2. La suppression de l’obligation de passer par un signalement interne avant de pouvoir procéder à un signalement externe

L’article 8 de la loi Sapin 2 actuel prévoit que tout signalement doit d’abord être réalisé en interne et porté soit à la connaissance du supérieur hiérarchique, de l’employeur ou du référent désigné.

Ce n’est qu’en l’absence de diligences de la personne destinataire de l’alerte dans un délai raisonnable que le signalement adressé à l’autorité judiciaire, à l’autorité administrative ou aux ordres professionnels est considéré comme recevable.

En dernier ressort et en l’absence de traitement par le destinataire secondaire dans un délai de trois mois, le signalement peut être rendu public.

Désormais, la loi renforçant le statut du lanceur d’alerte prévoit que le lanceur d’alerte peut effectuer un signalement interne ou un signalement externe et supprime la hiérarchie entre les deux signalements.

Plus précisément, le lanceur d’alerte peut désormais effectuer un signalement interne notamment lorsqu’il estime qu’il « est possible de remédier efficacement à la violation par cette voie et qu’il ne s’expose pas à un risque de représailles ».

Il reste cependant essentiel au sein des entreprises d’encourager le signalement interne afin de pouvoir traiter les faits dénoncés et d’éviter ainsi que l’enquête soit confiée en premier lieu aux autorités judiciaires et administratives qui vont nécessairement devoir s’immiscer dans les affaires de l’entreprise.

Il convient donc de garantir et de rappeler au lanceur d’alerte dans le dispositif d’alerte interne que son signalement est pris en compte et ne pourra pas donner lieu à des représailles s’il est effectué de bonne foi avec la possibilité de pouvoir recourir à l’anonymat.

3. La durée de traitement des signalements

La loi renforçant la protection du lanceur d’alerte introduit un nouvel article dans la Loi Sapin 2 prévoyant que :

« les signalements ne peuvent être conservés que le temps strictement nécessaire et proportionné à leur traitement et à la protection de leurs auteurs, des personnes qu’ils visent et des tiers qu’ils mentionnent, en tenant compte des délais d’éventuelles enquêtes complémentaires.
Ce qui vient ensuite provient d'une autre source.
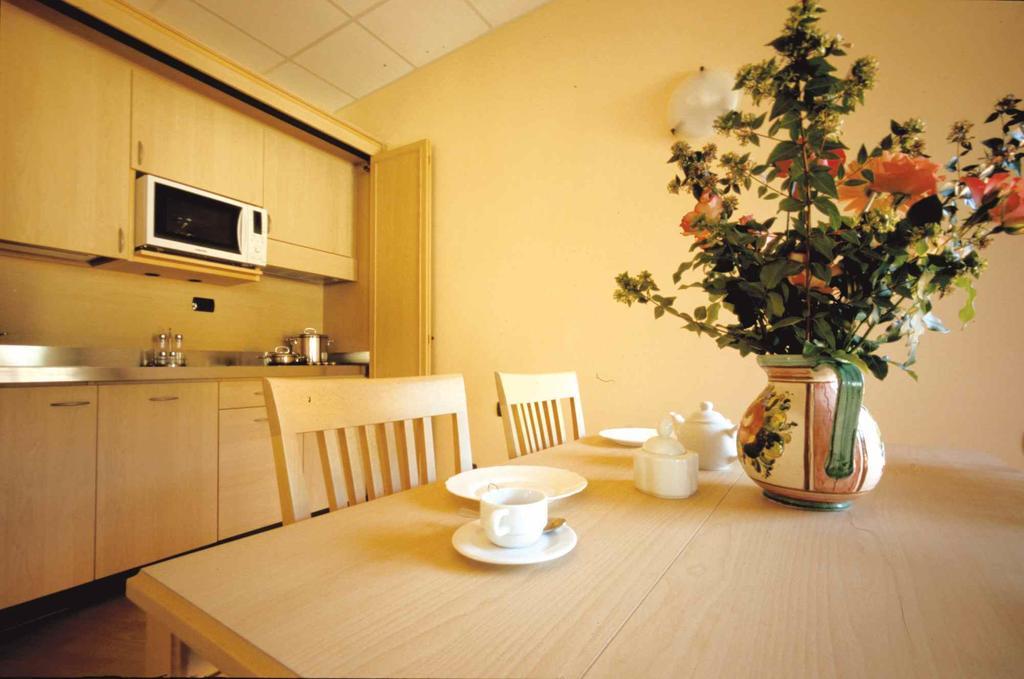 באוונו Hotel Residence Dei Fiori מראה חיצוני תמונה
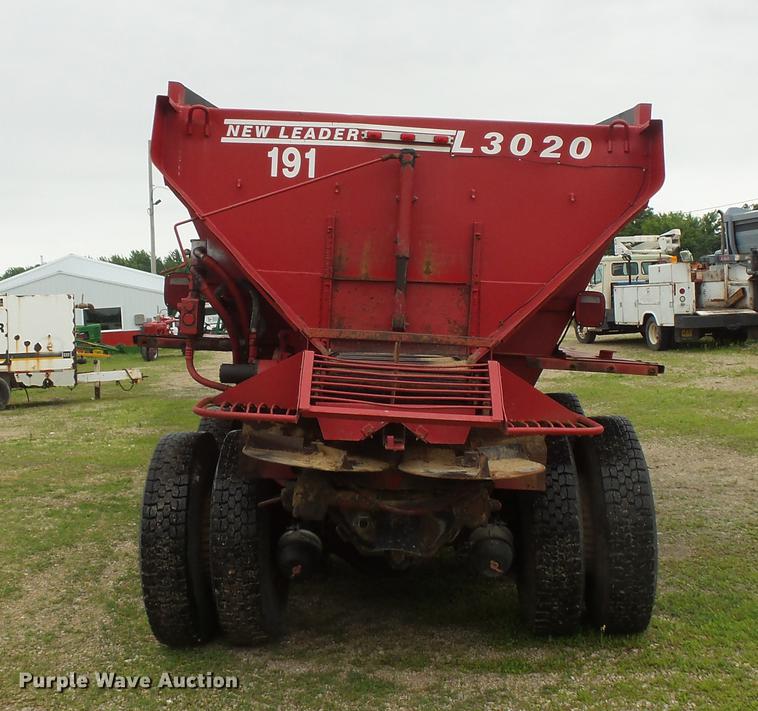 image for item DV9359 1993 Ford L8000 fertilizer truck
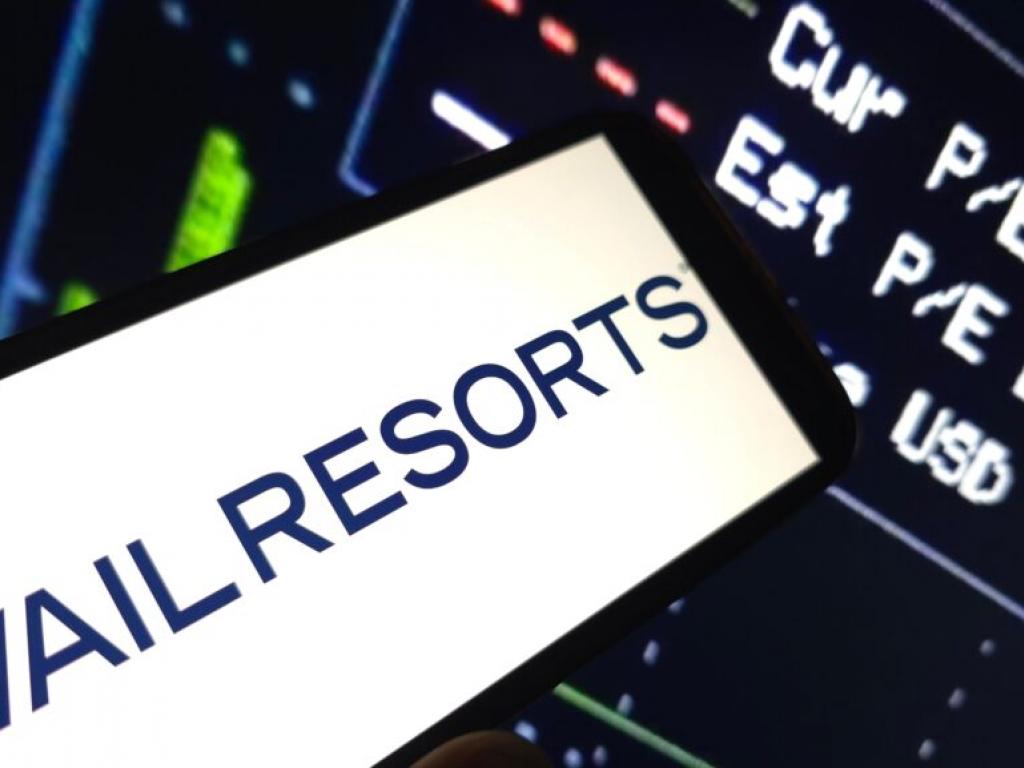  vail-resorts-gears-up-for-q4-print-here-are-the-recent-forecast-changes-from-wall-streets-most-accurate-analysts 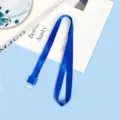 Cordón de cuello azul de poliéster 1.5cm de ancho con conector de aleación para gafete - Cordón Largo Envuelto en Oro Azul Oscuro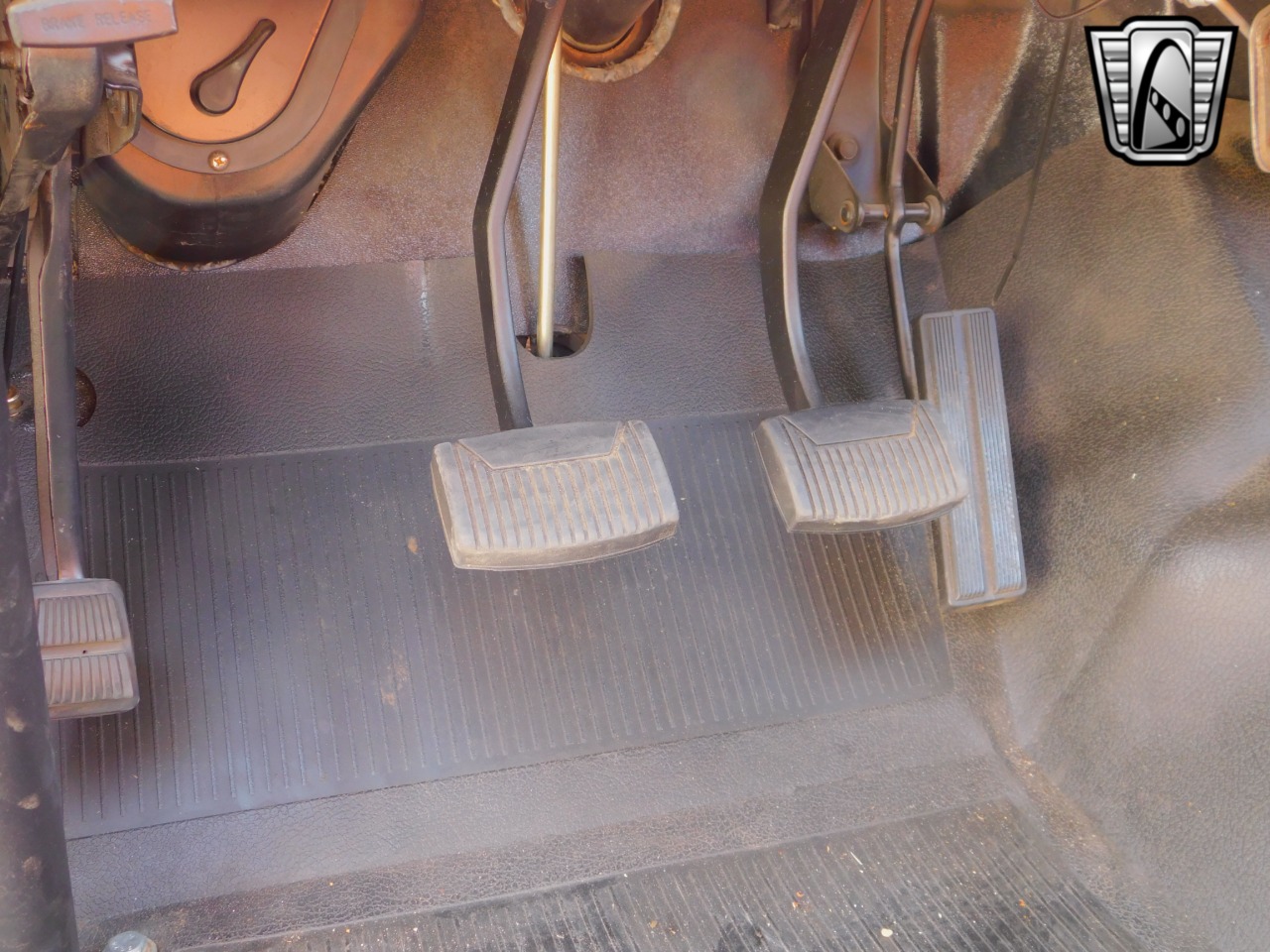 1977-ford-bronco-for-sale-38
Des données relatives aux signalements peuvent toutefois être conservées au-delà de cette durée, à la condition que les personnes physiques concernées n’y soient identifiées, ni identifiables. Lorsqu’elles font l’objet d’un traitement, les données à caractère personnel relatives à des signalements sont conservées dans le respect du règlement (UE) 2016/679 du Parlement européen et du Conseil du 27 avril 2016 relatif à la protection des personnes physiques à l’égard du traitement des données à caractère personnel et à la libre circulation de ces données ».

Il convient de modifier le dispositif d’alerte interne en rappelant ces durées de traitement et d’adapter également en interne la procédure afin que les signalements ne soient pas conservés au-delà de la durée légale.

Les entreprises d’au moins 50 salariés devront également compléter leur règlement intérieur pour y inscrire l’existence du dispositif de protecteur des lanceurs d’alerte mis en place.[3]